Pedestrian safety a hot topic in Capitol Hill and across Denver

Posted at 7:03 PM, Jun 15, 2017
and last updated 2017-06-15 21:22:51-04

DENVER -- We all know Denver is a boom town, which means more people, more cars, more bikes and pedestrians, so it should come as no surprise that safety in busy areas like Capitol Hill is a hot button issue.

"A lot of people that go fast, a lot of people talking on their cell phones," said biker Shaun Swistak.

Swistak rides his bike every day, and knows firsthand the dangers of riding in Denver.

"Lady came into my lane, forced me onto the sidewalk and I hit the curb and had about 307 stitches and staples in my head," he explained.

Councilman Wayne New who represents District 2, which includes Cap Hill and Colfax Avenue, said the city is working to try and reduce speeds on busy one ways like 13th and 14th Avenues, and public works said it is considering putting in speed trailers to warn drivers how fast their going.

"We're doing everything we can to provide a safer crossing for pedestrians as well as just reducing fatality," said Councilman New. "It's always scary, it scares me personally every time I drive down 13th and 14th and a bicyclist is on the road."
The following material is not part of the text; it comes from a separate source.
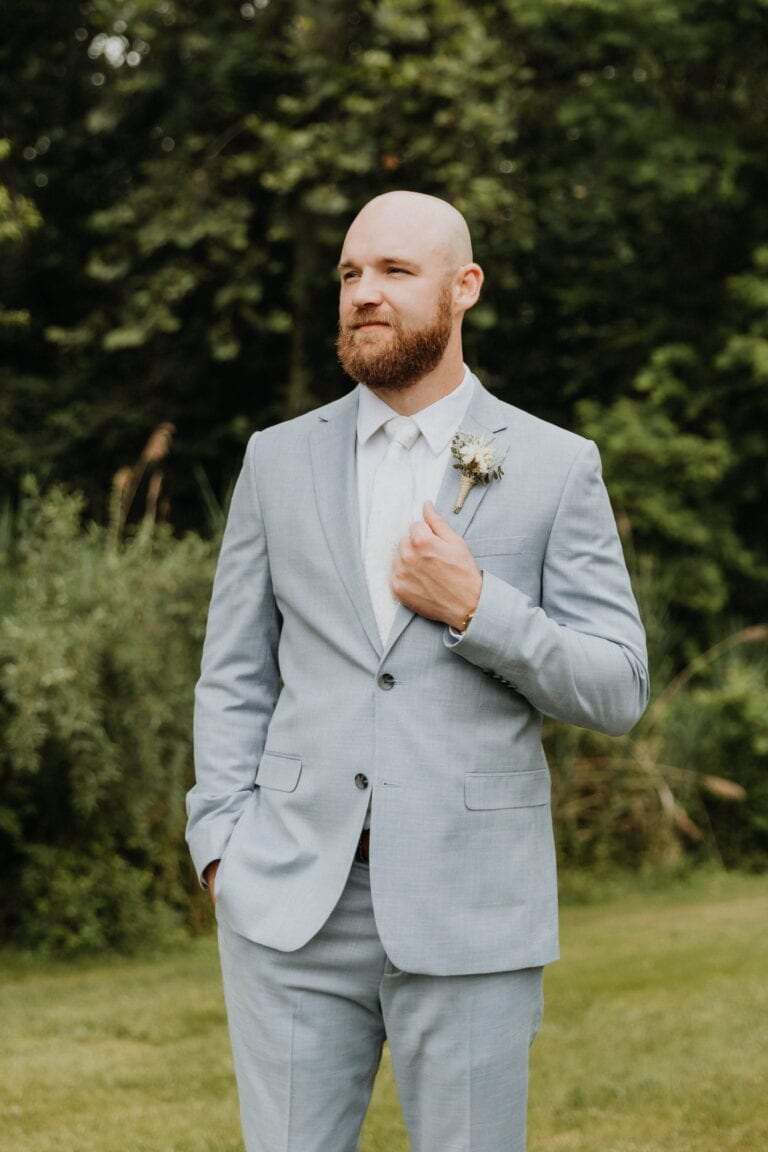 Man with a trimmed beard and bald head wearing a light gray suit, white shirt, and tie, standing outdoors with greenery in the background and a boutonniere on his lapel.",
According to data provided in Denver's 2017 budget, in the last two years more than 100 people lost their lives on Denver roads, and there were more than 600 crashes where pedestrians or cyclists were seriously injured.

Another trouble spot is the five-point intersection at Colfax Ave. and Franklin St. which doesn't allow drivers to turn right on green, drivers must wait for a green arrow to go right at Park Ave.

"(This intersection is) in the top three of dangerous intersections in Denver," explained Frank Locantore, the executive director of the Colfax Business Improvement District.

The city plans to use the GoBond to fund $29 million in pedestrian safety improvements over the next ten years, but bikers like Swistak said something's got to give -- and soon.

"We have to pay attention a lot more than drivers do it seems like," said Swistak.

As for any permanent improvements on 13th and 14th Aves., Denver Public Works said it has studied the area for the past year and did not identify a high number of crashes. It is aware of the challenges on these stretches of road, but said right now it is not on the top of the list for improvements.